▶ DATA PROVIDED:
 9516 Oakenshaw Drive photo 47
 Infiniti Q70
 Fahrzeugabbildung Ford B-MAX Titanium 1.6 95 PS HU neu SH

▶ WHAT NEEDS TO BE DONE: The full listing, repeated exactly, is the expected answer.

▶ EXERCISE RESULT:
 9516 Oakenshaw Drive photo 47
 Infiniti Q70
 Fahrzeugabbildung Ford B-MAX Titanium 1.6 95 PS HU neu SH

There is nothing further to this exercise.